In a stunning reversal of direction, the US Justice Department announced Feb. 27 that Japanese American railroad and mine workers—fired from their jobs in the early stages of World War II—and their families will be eligible for redress under the Civil Liberties Act of 1988.

Originally, the Office of Redress Administration had ruled that only Japanese Americans who were held as inmates in concentration camps were eligible to receive redress. But new documentation presented early last month convinced Justice Department officials that the government was involved in the forced firing of railroad workers.

The announcement was made at a small ceremony in Los Angeles’ “Little Tokyo” district by several representatives from community organizations and railroad worker families. Representing the Justice Department was Bill Lann Lee, the recently appointed Acting Assistant Attorney General for Civil Rights.

“I am pleased that the federal government could come through for these individuals who suffered these hardships. I hope that this will finally end a tragic period in American history for these workers and their families,” Lee said.

Officials from ORA had previous stated the evidence was “not compelling enough. We want to pay them… [but] the problem is we have letters from the presidents of the railroad companies that said it was their ‘own actions.’”

The case languished for many years while advocates pressed forward with letter writing and media campaigns. Then on Feb. 11, a new lobbying delegation visited congressmen and Lee at the Justice Department to renew their cause.

This time they carried documents that were uncovered by Michi Weglyn, author of Years of Infamy, and Andrew Russell, a graduate student at Arizona State University who wrote a master’s thesis on the situation of Japanese Americans in wartime Nevada.

Russell’s thesis stated the federal government was responsible for the dismissal of most of the railroad workers.

Japanese Americans and their families were imprisoned in their homes or evicted from their railroad-owned houses in remote western towns.

“What we fought for in six years, they decided in two weeks,” said Fumi Shimada, a Sacramento resident and an active campaign worker who was at the ceremony.
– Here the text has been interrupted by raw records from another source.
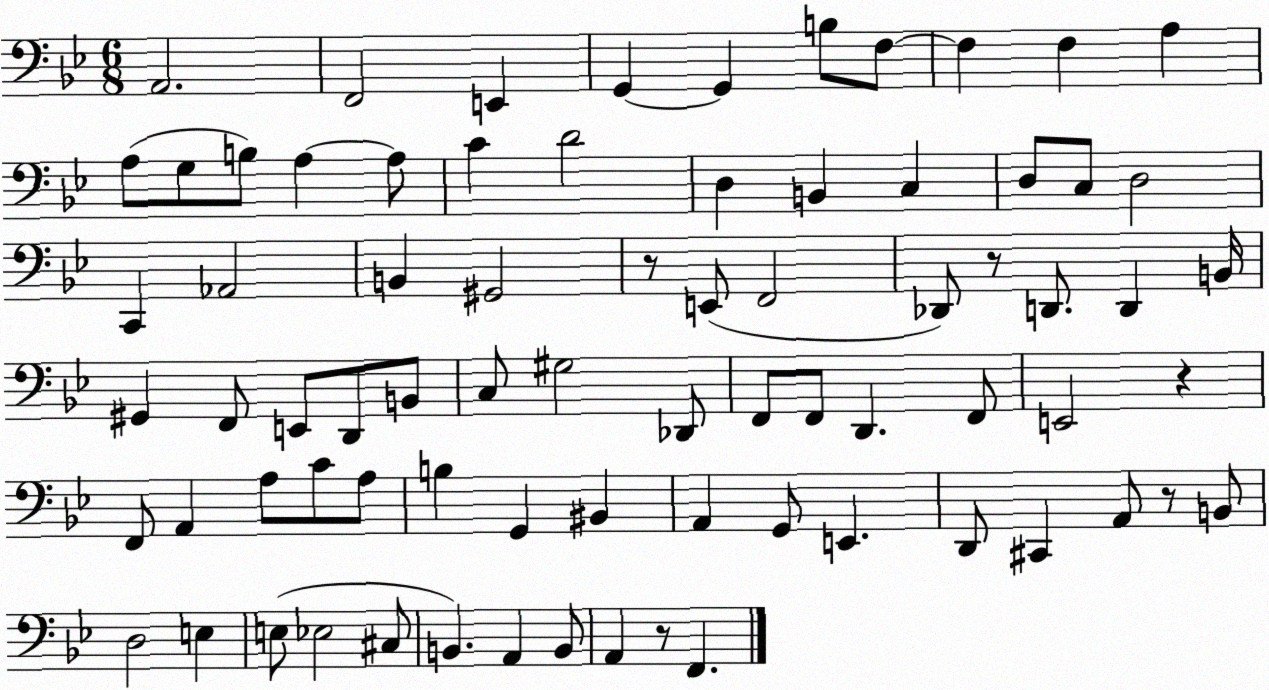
X:1
T:Untitled
M:6/8
L:1/4
K:Bb
A,,2 F,,2 E,, G,, G,, B,/2 F,/2 F, F, A, A,/2 G,/2 B,/2 A, A,/2 C D2 D, B,, C, D,/2 C,/2 D,2 C,, _A,,2 B,, ^G,,2 z/2 E,,/2 F,,2 _D,,/2 z/2 D,,/2 D,, B,,/4 ^G,, F,,/2 E,,/2 D,,/2 B,,/2 C,/2 ^G,2 _D,,/2 F,,/2 F,,/2 D,, F,,/2 E,,2 z F,,/2 A,, A,/2 C/2 A,/2 B, G,, ^B,, A,, G,,/2 E,, D,,/2 ^C,, A,,/2 z/2 B,,/2 D,2 E, E,/2 _E,2 ^C,/2 B,, A,, B,,/2 A,, z/2 F,,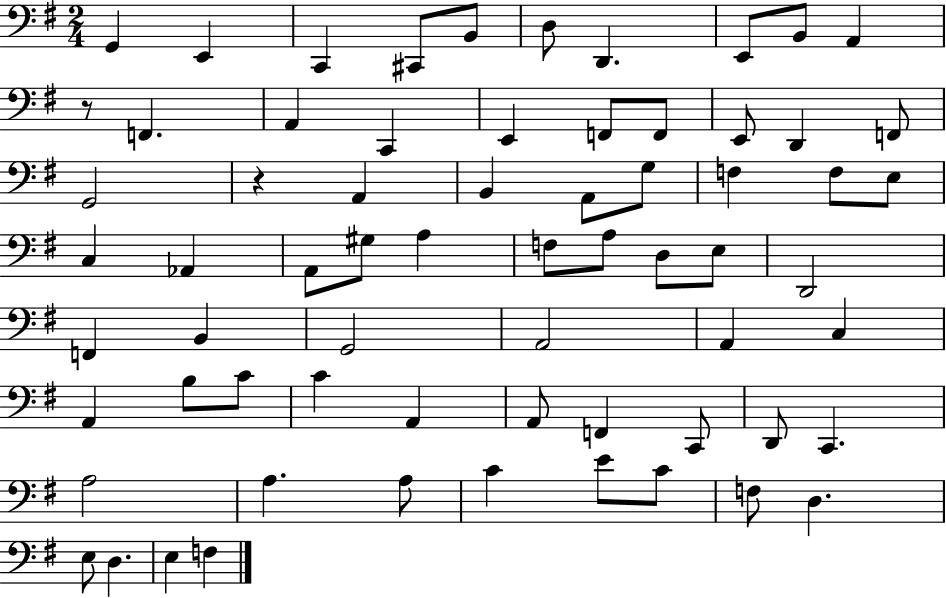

Shimada credited the National Coalition for Redress and Reparations, the Japanese American Citizens League and Weglyn for the victory.

“They wouldn’t listen to us individually,” Weglyn said, and praised Russell for his research. She said she had been prepared to ‘go down fighting’ all the way to the Supreme Court.”

JACL spokesman Al Muratsuchi issued this statement: “The Japanese American community should applaud Mr. Lee for recognizing the injustices facing the railroad and mine workers and their families, and for taking immediate action to resolve this matter.”

Paul Horiuchi Jr., whose father is the renowned artist Paul Horiuchi Sr., said he received a phone call from the ORA on Mar. 3.

The call was a confirmation that his father’s application for redress would be honored. Paul Horiuchi Jr. said when his father, then 19, was given a foreman’s job at the Union Pacific Railroad in Wyoming, he was considered an upstanding member in his community.

“Union Pacific was planned as a lifelong commitment for my father, his brother, and their father before them,” he said.
Shortly after the U.S. declared war against Japan in 1942, Paul was fired without explanation and thrown out overnight without compensation. For a time Horiuchi, along with several other Japanese families, lived in a chicken coop lent to them by a black family.

While visiting relatives in Minidoka—the wartime concentration camp in Idaho—Horiuchi “saw two full bottles of milk on each table inverted to mix the cream. We were shocked at the luxury… life at the camp was better than our predicament.”

Denied admission to Minidoka, the family wandered through Wyoming, Utah and ended up in Spokane, WA, where Horiuchi found work in a body and fender shop.

Horiuchi Jr. said, “My father always felt that we were unfairly treated.” But now, he said he feels some satisfaction that their ordeal has finally been acknowledge.

Still in the air is another campaign for redress on behalf of the 2,264 Latin American Japanese kidnapped from Central and South America and interned in American camps during World War II. A lawsuit filed two years ago in Los Angeles is still pending. Their legal status has been clouded because in most cases critical papers were lost. The court is considering two motions by the end of this month: one from the government to dismiss; the other to give all persons class certification. There are an estimated 1,800 former abductees currently alive.

The Justice Department’s Office of Redress urges others who may be eligible under this new interpretation to apply.